What we have heard from Sailors aboard ship is if they get a small spot of paint or grease on a pair of solid-color utilities or coveralls, its easily visible and detracts from the uniforms appearance, Scott said. With the Navy Working Uniforms multicolor pattern, a small spot or stain may be almost entirely unnoticeable.
Another positive aspect of a multicolor pattern is that wrinkles caused by daily wear would be less visible, and the new uniforms will be wash and wear with no ironing required.
Why should we need to iron a working uniform? The NWU fabric treatment will be a considerable improvement over the previous working uniforms, said Scott. The proposed plan is for the NWU to be the primary working uniform used in all Navy communities and duties, including watchstanding. The NWU is also being designed for wear outside the gate.

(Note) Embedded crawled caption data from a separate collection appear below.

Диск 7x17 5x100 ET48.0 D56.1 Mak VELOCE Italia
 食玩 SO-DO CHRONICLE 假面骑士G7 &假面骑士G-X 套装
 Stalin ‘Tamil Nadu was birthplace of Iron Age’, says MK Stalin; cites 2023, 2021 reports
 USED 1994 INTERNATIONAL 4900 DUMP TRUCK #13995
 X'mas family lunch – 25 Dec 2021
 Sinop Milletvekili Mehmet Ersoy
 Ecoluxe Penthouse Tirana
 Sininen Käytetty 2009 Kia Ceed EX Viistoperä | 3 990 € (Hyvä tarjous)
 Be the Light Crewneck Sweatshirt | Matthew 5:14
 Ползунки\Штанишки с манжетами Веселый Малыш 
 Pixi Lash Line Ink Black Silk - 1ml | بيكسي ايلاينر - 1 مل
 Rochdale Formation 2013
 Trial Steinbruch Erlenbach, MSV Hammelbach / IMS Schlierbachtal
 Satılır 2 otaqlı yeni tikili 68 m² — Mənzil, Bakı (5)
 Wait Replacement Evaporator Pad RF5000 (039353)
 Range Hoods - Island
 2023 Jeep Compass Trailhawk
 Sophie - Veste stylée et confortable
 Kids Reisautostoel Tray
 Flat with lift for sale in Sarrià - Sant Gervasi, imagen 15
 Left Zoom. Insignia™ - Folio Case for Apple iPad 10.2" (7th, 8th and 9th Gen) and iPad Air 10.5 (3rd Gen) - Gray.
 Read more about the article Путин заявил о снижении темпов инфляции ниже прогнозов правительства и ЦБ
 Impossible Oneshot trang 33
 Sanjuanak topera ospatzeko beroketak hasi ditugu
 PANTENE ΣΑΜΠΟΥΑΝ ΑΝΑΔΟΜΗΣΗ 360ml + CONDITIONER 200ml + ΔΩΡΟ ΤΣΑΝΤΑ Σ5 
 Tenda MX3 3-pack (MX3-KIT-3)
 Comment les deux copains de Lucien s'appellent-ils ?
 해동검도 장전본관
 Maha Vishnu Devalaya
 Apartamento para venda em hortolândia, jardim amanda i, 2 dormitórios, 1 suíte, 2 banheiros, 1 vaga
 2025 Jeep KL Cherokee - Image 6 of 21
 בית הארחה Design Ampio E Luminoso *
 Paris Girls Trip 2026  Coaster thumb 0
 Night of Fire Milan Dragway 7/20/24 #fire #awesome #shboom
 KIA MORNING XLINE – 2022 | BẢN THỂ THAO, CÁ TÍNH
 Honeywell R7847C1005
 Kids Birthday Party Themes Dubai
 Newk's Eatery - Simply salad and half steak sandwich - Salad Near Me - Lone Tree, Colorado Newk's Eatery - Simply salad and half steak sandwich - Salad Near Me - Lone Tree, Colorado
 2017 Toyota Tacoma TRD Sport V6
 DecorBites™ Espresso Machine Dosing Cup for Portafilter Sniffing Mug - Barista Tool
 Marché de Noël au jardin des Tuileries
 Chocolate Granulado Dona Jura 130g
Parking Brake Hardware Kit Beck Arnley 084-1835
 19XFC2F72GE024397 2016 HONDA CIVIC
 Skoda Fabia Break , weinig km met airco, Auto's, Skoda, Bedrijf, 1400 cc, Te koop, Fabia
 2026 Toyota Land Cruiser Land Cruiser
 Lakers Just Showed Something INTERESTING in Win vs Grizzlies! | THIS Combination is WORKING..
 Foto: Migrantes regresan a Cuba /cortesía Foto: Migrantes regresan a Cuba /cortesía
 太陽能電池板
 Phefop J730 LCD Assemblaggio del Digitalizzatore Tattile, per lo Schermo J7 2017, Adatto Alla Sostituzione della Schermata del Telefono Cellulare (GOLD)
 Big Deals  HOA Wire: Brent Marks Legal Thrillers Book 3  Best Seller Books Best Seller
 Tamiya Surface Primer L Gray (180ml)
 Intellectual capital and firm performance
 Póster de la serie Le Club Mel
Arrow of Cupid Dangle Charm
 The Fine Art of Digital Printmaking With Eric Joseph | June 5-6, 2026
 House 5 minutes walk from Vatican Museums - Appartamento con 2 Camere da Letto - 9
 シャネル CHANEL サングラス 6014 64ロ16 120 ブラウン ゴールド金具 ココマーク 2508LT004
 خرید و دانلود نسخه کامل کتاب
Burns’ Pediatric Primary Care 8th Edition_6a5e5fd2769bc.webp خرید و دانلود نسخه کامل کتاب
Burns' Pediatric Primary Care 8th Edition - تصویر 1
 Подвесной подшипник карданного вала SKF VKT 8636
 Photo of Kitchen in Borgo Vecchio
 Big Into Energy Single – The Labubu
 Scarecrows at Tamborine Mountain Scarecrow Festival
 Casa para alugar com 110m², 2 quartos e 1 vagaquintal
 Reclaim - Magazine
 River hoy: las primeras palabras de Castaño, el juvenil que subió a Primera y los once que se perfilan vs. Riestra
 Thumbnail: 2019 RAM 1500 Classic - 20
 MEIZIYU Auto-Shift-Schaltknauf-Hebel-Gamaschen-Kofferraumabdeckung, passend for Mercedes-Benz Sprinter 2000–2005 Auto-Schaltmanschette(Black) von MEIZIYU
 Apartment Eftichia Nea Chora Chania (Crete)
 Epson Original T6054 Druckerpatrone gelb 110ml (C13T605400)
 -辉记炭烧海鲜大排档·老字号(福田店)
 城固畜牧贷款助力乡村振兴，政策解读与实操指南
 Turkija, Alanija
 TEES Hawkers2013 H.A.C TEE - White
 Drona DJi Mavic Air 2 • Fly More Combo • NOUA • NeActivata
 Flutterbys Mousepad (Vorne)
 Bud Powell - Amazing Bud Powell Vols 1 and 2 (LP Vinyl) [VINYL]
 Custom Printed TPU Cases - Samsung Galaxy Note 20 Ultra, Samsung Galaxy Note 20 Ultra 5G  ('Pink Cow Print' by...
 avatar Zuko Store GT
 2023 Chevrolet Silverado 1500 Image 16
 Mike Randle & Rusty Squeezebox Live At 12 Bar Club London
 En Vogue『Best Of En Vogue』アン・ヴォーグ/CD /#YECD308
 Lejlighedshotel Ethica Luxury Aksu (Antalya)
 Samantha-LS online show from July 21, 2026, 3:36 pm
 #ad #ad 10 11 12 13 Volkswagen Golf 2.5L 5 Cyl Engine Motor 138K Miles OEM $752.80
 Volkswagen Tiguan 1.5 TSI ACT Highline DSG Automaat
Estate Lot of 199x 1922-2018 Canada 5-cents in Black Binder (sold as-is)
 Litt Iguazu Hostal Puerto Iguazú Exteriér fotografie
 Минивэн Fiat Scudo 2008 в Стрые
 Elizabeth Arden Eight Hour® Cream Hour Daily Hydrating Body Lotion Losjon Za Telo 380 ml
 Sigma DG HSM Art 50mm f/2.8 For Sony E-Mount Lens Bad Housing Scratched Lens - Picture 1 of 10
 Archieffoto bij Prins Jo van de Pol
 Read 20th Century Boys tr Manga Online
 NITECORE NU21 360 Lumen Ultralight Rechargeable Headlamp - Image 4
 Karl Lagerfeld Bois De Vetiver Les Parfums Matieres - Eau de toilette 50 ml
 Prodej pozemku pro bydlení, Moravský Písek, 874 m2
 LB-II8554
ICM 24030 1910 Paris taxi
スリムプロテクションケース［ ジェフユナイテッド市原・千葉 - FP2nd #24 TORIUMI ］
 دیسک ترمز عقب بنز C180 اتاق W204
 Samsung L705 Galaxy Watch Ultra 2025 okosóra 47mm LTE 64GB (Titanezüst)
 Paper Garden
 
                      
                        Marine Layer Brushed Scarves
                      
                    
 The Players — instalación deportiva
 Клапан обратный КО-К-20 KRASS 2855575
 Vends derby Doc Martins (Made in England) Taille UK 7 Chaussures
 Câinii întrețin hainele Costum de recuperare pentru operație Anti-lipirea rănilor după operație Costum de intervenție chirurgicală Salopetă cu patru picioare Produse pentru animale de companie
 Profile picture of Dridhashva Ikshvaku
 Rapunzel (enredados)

Sailors will be able to go off base without having to change from the working uniform into their service uniform or civilian clothes.
With the CNOs approval for a wear test, the Navy is working to provide as many possible options for Sailors to choose from during the wear-test period.
Among the options will be:
- Woodland versus digital pattern
- Blue versus gray as the uniforms predominant color
- Tapered blouse versus standard-style blouse
- Rounded versus pointed collar
- Performance T-shirt versus cotton undershirt
- Pleated versus non-pleated trousers
- Elastic versus adjustable waistband
- Button versus zipper trousers
- No-polish suede versus polished leather boots
- 8-point versus round top cover
- Pocket locations and design
Although the NWU was designed to address the concerns of the fleet, Scott said a test of how the uniforms will truly respond to the needs of Sailors can only be determined by a fleetwide wear test and evaluation before being mass produced.